Today, we may be at a key inflection point for both the future direction of the U.S. dollar as well as market expectations for inflation.
The US dollar, as measured by the US Dollar Index (DXY), is at the top of a trading range that has been in place since the start of this year (Chart 1). In fact, it is threatening to break out of the top of this range. A stronger US dollar has been linked to recent equity market volatility, in part because of the way that it destabilizes emerging market economies. Many EM countries have large amounts of USD-denominated debt, and a stronger US dollar makes it more expensive to pay back that debt and can lead to a debt crisis. The recent surge in the US dollar accelerated with the Fed's 9/26 statement and more hawkish tone. We believe if the dollar breaks through the trading range and accelerates, the return of optimism to the equity markets may prove short-lived.
Inflation expectations, as measured by the breakeven on the 10-year Treasury Inflation Protected Security (TIPS), are the mirror image of the dollar's trading range. Since the 9/26 Fed announcement, inflation expectations have slumped and are now at the bottom of the trading range in place since early 2018. A rising US dollar is often disinflationary, making imports cheap. Not surprisingly, inflation expectations have fallen in recent weeks, along with stocks. Inflation is like the thermometer of the economy, taking measure of the pulse of the nation - when it falls too low, the patient is ill.

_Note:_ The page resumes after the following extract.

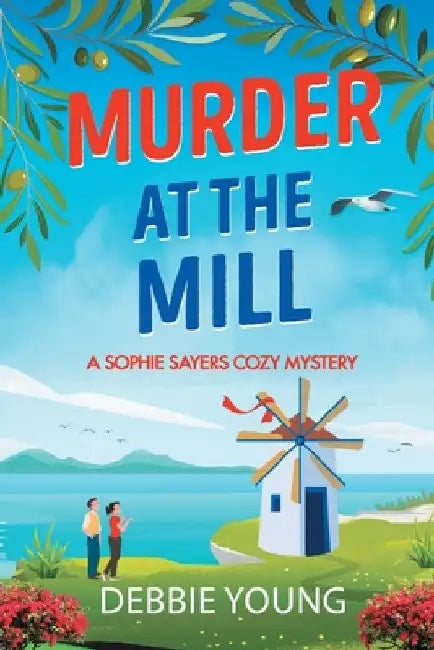 Murder at the Mill by Debbie Young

Why should equity investors care?
We believe that if the US dollar breaks out, EM markets will again likely be under pressure and inflation expectations will slump. Slumping inflation expectations are also consistent with a poor outlook for the economy (lower stocks), lower tax revenues, and a much larger deficit. This turn of events would bode ill for risk assets. The markets are telling the Fed not to tighten any more, otherwise an equity market correction may turn into something worse.
If these levels hold and inflation expectations stabilize, and the US dollar rally remains contained, and the Fed gets the message, 2019 could be a better year for risk assets.